Taking that idea, I then extended it to translation projects by tacking a “translator” in front. I have a feeling this role doesn’t really exist outside in the world in any official form because a translator doing a piece of work is more or less assumed to know what the heck they’re doing. This isn’t nearly as true in the visual novel community (or even the wider anime community). Most, if not all of us, are learning the craft as we go, and we really shouldn’t be trusted. A translator-editor is capable of translating, ideally at or above the level of the actual translators. They provide a very important sanity check for spotting mistakes.

From personal experience, Haelth and I both edited each other’s scripts for the Narcissu Side 2nd project. I did my scripts, read them through about 5 times fixing things, then handed it over to him and he looked them over. I did the same for him. We then spotted errors on each other’s work by comparing and spotting mismatches. Sometimes he would be right, sometimes I would, either way, without this extra check, those errors probably would’ve gone unnoticed for a long time if ever.

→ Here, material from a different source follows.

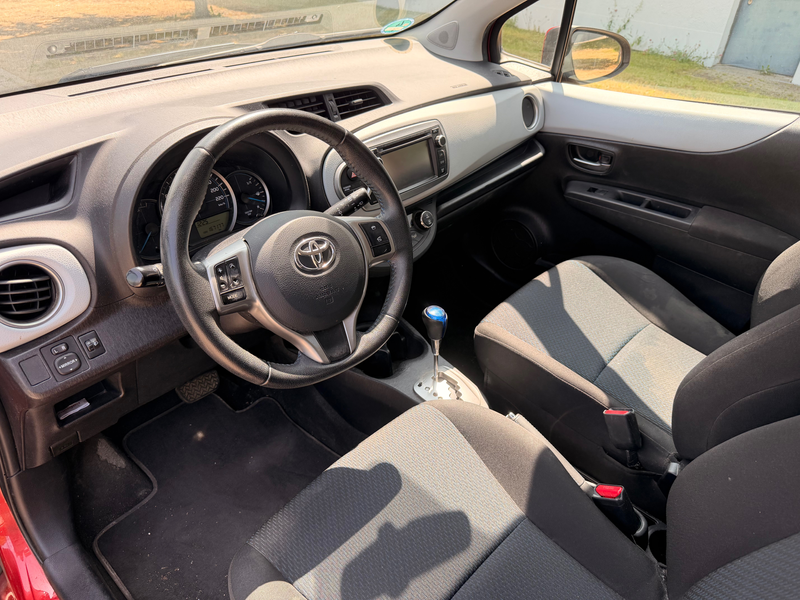 Toyota Yaris Hybrid Life — photo 9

That’s not to say everyone needs to go so far. Narci2 was an extreme case of two full translators of roughly equal skill working in parallel. For the ef project, I would read the translated script, glance at the original script, and see if there were any major mismatches in meaning. On top of that I also commented on word choice and all that other editing stuff, with an eye towards keeping the translated line close in spirit to the original. It’s certainly faster than translating everything myself, but still time consuming.

Editors

These are normal editors, with no translation ability. They’re still charged with the same things as the translator-editors but since they only work in English, they have the unique perspective of not being tainted by reading the original text. They are more likely to spot places that are weirdly translated then people who have worked at the original script to any degree. Switching between two languages is tiring, and can leave traces that seep into writing, so translators often can have a bit of a blind side as they work for long stretches.

Again, these people have to have significant writing ability.

Proofreaders

Proofers are more or less at the bottom rung of the content chain. They’re charged to finding the small nitpicky errors in the text. Punctuation, line breaking, visual ugliness of the text, and so on.

That’s not to say they’re not needed. Having a good pair of eyes that can tell you when you should have used a semicolon instead of a comma is very important. However, if they know that difference, they often can rise to the level of Editor with a bit of work if they haven’t already.